Выбрать главу

В свой последний Новый год отец, уже совсем больной, пришел ко мне, и я специально поставила огромную живую елку с цветными лампочками. Он замер на пороге, как потрясенный ребенок, а потом тихо сказал, что никогда в жизни никто не ставил ему елку, что это просто невероятно прекрасно. Наверное, это был наш лучший совместный Новый год; мы всю ночь слушали песни Георгия Виноградова, и даже удалось уговорить отца ненадолго взять в руки гитару. Он спел тогда только одну песню и выбрал «Драку белых котов».

Смерти он совершенно не боялся, мы открыто обсуждали это, и однажды он мне сказал, что знает свой предстоящий путь и что все с ним будет нормально. Тем не менее я все надеялась, что вдруг отыщется чудодейственное средство, которое… «Которое что? Заставит меня тут еще немного помучиться?» Когда отец уже был очень болен, я от отчаяния все же предложила ему воспользоваться услугами одной православной бабушки, достоверно умевшей лечить как раз то, от чего страдал он. Он закурил свою вечную красную «Яву», очень пристально посмотрел на меня и отказался наотрез. «Мне нельзя, — сказал он, — пользоваться услугами христиан. Запрещено».

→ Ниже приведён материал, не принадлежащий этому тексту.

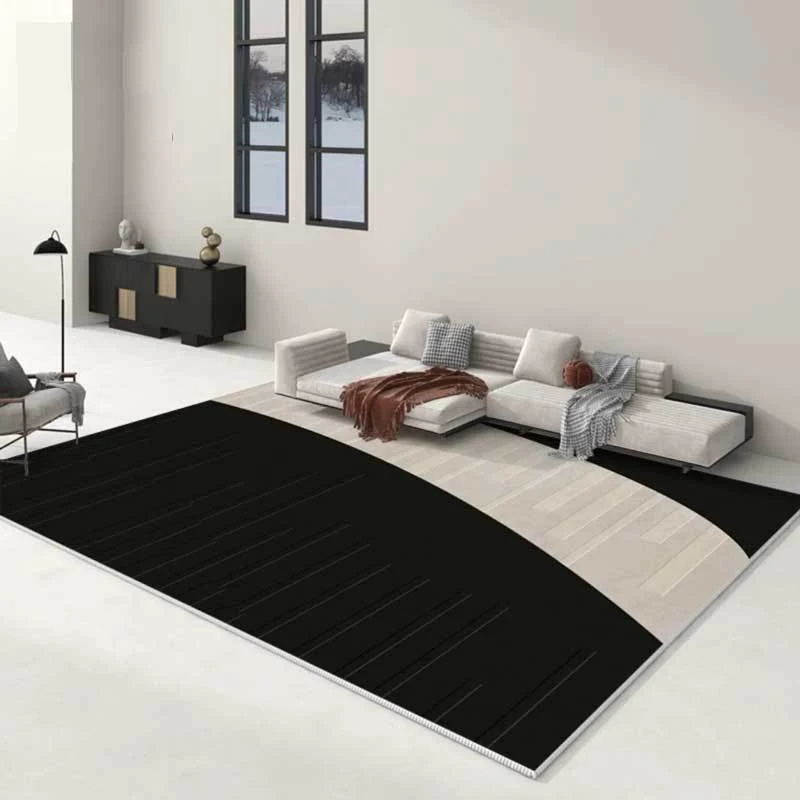 Abstract Art Area Rug Stornfield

Мне кажется, что после ухода Лены Джемаль его душа приняла радикальное решение. Ведь до этого, пока еще с Леной все было в порядке, летом 2002 года он совершенно спокойно перенес тяжелейшую онкологическую операцию, рассуждая с нами о географии магического мира до той самой секунды, пока не закрылись двери операционной. «Я созерцаю страдание, — сказал он мне в реанимации на следующий день. — Знаешь, здесь, оказывается, весьма разнообразные ландшафты». Он ненавидел лечиться, врачам, представлявшимся ему все как один ревенантами, — не доверял, и, принципе, ему было бы гораздо проще умереть, нежели пройти лечебно-больничные круги ада. И тем не менее он их прошел, выдержав и повторную операцию через полгода.

Склиф. Хризантемы в саду, В этом желтом аду Завывают клиенты. Распускают над ними тягучую ночь Раскаленные ленты.
Шприц. Клюв пластмассовых птиц Пожирает цветы Бело-розовой плоти. Ты кричишь на стенные часы, Но они не уходят.
Визг. Ты лежишь на полу, Наблюдая чуть-чуть, Как прекрасные сестры В коридорах любви что-то шепчут врачу, Лунно-цветные монстры.
Морг. Там молчит телефон, Холод белых колонн — Обстановка простая. Императору снится фарфоровый сон О небесном Китае. ………………….

После смерти Лены, скорее всего, ему стало скучно, и пусто, и бессмысленно. Несмотря на помощь друзей, на самоотверженность его прежней подруги, с которой до Лены отец прожил много лет, Ирины Николаевны Колташевой, которая специально вернулась от сына из Америки, чтобы быть рядом с ним. Верная, очень преданная ему женщина, ей было невыносимо видеть, как он на глазах менялся, то есть все очевиднее хотел уйти. Она до последнего побуждала его работать, писать, пыталась возбудить в нем искорку его прежних интересов, а он сопротивлялся.

«Я забыл все языки, и мне на это плевать», — часто повторял он; впервые в жизни отец не хотел больше читать книг и перестал общаться; если раньше он вулканически выплескивал свою энергию в мир, на собеседников, приятелей, своих и чужих, то теперь котел его бешеной внутренней активности герметично кипел внутри него. В какой-то момент неожиданно для всех он стал писать короткие беллетристические рассказы, чего никогда не делал раньше, и очень даже интересовался, какое они производят впечатление. Многим они казались несравнимыми с его блестящей эссеистикой; когда до него доходили эти мнения, он иронично усмехался. «Это все звериная серьезность, — как-то заметил он. — Люди не умеют читать, не умеют улыбаться, не умеют просто быть. Им надо все время узнавать, понимать, оценивать, восхищаться или плеваться. Иначе они тратят время. А на что оно им вообще?» Про себя он говорил, что свое время он теперь тратит на подготовку: «Я собираюсь в путешествие».

Я холодела от этих слов, а он готовился на самом деле; теперь я точно знаю, что то, чем он занимался последние месяцы, было именно подготовкой. Он целыми днями читал «Похождения Рокамболя» и перечитывал «Трех мушкетеров» — эту книгу он знал наизусть, обожал цитировать целые страницы, утверждая, что она много превосходит в своей мудрости Библию. Эти «приключенческие повестухи» помогали ему готовиться.